I was suddenly able to step out of that awful space I'd been surviving in, able to step to the side of it, to be peaceful with where I am and not consumed with what I can not control. Her gift imparted itself to me and to many of her friends and we all humbly share it together while she heals.

So now that I have gained this new tool the Universe has decided to test me of course! With the deployment coming to an end in just over a month, my financial support will have to decrease dramatically when we have two separate households to pay for. It's crunch time! Unwilling to get stuck in some underpaying job I have decided to keep pursuing nursing school and if I have to take out loans to pay the rent so be it! I'm surrendering myself to the process. Then my husband tells me he's toying with the idea of extending his deployment another six months and I just have to wait tight until he makes up his mind. Ok focus, focus I tell myself, focus on what you can control. This deployment he is going out on these 'missions' where he'll be off the grid for days at a time,sleeping in some dinky tent on the border of some 'stan' country or another. These are days where it is especially challenging to keep the fears at bay, to not read every odd occurrence as a bad omen, but I've gotten through them and there's one more long one to get through that starts today... I know that if he stays another six months it will suck but I can do it. If he dies over there I will do what ever it takes to heal the hearts of our children and what ever it takes to give them a happy life. I just refuse to give my precious energy over to things that have not and may never come to pass.
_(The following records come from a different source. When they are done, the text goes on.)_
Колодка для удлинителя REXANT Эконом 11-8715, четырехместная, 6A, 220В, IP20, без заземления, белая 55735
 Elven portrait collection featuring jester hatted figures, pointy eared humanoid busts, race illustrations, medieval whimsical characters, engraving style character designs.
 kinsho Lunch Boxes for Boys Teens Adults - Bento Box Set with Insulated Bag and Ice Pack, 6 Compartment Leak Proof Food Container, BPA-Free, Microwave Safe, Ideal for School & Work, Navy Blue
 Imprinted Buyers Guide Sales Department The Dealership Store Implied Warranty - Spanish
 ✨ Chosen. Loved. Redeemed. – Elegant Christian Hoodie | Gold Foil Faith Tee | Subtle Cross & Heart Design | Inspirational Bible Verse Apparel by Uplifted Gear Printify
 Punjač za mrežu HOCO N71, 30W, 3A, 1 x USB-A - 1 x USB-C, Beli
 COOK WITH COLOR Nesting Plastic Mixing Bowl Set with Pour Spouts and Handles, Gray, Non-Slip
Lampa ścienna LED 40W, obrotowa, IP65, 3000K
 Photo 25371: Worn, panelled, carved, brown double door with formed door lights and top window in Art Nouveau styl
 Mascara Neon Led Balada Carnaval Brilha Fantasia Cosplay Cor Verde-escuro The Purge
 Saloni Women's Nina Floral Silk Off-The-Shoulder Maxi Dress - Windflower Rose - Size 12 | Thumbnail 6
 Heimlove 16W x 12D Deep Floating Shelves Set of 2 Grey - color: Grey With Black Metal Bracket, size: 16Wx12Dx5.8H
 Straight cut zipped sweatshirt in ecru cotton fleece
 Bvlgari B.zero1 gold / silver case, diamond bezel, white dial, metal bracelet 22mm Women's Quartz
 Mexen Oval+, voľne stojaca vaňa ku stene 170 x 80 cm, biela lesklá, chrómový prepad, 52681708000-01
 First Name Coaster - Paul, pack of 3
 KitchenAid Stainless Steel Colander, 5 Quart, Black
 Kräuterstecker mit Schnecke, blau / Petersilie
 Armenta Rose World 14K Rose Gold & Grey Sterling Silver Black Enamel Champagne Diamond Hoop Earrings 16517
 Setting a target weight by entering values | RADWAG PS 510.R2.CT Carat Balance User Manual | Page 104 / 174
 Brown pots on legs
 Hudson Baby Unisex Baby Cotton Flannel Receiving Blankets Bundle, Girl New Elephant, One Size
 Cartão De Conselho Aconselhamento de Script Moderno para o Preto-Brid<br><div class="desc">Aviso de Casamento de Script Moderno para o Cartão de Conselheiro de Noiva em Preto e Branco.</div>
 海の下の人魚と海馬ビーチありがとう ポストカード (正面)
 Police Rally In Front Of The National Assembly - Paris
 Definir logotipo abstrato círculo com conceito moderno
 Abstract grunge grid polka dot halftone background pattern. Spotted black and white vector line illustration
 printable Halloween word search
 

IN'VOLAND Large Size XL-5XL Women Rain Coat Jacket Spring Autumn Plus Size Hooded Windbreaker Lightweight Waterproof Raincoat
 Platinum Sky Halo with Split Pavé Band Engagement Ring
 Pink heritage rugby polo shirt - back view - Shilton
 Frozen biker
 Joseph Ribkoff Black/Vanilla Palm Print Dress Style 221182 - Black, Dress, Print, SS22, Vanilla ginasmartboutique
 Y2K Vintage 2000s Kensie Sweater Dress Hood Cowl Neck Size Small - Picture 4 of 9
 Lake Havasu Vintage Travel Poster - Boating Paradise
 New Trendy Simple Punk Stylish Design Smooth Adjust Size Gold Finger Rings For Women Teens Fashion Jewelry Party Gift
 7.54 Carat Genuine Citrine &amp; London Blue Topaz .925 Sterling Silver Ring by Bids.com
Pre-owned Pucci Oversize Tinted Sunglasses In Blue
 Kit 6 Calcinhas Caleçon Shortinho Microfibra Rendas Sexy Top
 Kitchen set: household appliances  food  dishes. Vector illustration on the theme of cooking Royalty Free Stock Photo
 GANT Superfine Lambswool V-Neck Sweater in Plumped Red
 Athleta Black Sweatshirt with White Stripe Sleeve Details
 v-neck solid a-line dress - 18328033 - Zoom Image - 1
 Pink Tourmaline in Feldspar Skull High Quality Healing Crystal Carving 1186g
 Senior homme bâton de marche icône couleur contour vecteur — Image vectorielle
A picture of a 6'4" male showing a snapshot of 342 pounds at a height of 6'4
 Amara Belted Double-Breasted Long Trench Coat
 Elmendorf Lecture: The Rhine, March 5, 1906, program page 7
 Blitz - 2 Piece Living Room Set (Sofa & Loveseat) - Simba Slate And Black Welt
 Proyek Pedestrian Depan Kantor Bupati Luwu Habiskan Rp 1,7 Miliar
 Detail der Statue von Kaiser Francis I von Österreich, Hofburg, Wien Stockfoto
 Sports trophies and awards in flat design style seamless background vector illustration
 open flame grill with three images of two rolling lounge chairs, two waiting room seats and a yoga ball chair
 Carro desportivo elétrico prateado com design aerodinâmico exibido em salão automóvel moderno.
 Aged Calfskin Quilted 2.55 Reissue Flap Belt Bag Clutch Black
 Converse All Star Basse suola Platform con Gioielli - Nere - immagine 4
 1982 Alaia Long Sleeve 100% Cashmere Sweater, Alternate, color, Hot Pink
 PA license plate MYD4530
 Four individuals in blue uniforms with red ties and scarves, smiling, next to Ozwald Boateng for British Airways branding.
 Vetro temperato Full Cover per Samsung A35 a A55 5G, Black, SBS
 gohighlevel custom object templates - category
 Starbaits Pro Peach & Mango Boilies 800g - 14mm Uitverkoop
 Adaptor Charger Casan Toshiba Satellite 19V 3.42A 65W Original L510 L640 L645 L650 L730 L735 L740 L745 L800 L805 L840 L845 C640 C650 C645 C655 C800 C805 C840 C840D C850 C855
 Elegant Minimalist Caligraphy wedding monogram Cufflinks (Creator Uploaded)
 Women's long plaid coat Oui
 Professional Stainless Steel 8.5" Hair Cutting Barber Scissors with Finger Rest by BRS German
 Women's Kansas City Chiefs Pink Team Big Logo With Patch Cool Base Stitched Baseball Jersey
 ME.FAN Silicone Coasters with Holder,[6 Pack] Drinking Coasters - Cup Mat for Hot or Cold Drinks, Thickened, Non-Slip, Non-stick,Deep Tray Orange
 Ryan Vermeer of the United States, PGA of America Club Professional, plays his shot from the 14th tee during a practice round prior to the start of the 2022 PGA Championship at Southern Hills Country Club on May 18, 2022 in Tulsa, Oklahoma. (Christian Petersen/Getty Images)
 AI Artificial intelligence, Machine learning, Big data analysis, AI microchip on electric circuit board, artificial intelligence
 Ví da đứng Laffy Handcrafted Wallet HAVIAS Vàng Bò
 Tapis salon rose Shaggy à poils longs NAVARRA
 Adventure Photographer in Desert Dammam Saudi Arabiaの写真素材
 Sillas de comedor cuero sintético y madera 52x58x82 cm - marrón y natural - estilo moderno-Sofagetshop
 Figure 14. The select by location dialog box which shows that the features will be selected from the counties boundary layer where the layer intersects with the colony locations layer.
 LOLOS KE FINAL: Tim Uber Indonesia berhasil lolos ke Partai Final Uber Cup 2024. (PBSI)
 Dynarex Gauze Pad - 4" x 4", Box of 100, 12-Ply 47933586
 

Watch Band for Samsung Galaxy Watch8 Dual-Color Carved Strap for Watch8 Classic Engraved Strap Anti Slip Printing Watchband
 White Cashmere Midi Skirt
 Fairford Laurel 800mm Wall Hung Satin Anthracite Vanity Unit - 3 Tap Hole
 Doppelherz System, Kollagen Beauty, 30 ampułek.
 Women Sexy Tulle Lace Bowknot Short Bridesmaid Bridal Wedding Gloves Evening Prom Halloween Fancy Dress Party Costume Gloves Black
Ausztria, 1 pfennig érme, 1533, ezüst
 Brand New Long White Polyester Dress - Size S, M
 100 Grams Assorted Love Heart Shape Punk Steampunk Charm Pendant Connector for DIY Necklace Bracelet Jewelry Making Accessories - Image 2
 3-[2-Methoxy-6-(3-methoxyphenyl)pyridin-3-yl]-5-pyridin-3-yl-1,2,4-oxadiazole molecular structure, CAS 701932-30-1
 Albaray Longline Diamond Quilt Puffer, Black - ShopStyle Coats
To keep my super natural single mom powers at their best I have started taking Bikram Yoga classes and guitar lessons! I am honoring my belief that I deserve these positive things even though they cost money and we don't have a lot of money. These two things have been adding balance, purpose, confidence and energy into my life in a time when they are most needed. In the other corner of the ring, threatening to throw me off balance and into a vortex of old bad habits, there stands a man with black hair and a guitar. A much younger man might I add. Yes I met someone who's captured my attention and imagination. We met at a festival he was performing at, danced for hours, lay under the stars for hours more and are quickly forming an intellectual and emotional bond via emails. He lives in San Diego. I live in NC. Why does the Universe keep teasing me like this? Well in the part of my brain that's not gone kooky with giddy romantic notions, I know that it's best it's this way. I am obviously emotionally entangled with the man I'm still married to, I am just getting my life together, I have children and- well- he's eight years younger than me. But- but-but- he's exceptionally beautiful, he's a crazy talented musician and he writes me these emails that leave me wondering if he's an extension of my own heart and mind. I want to kiss him. I want to know what it's like to wake up next to him. I'm trying to keep myself in check to not lose everything I have worked so hard for to this heady experience. I remember how addictive this feeling can be, how dangerous. So this may be my biggest challenge yet. If I fail I'll have only myself to blame.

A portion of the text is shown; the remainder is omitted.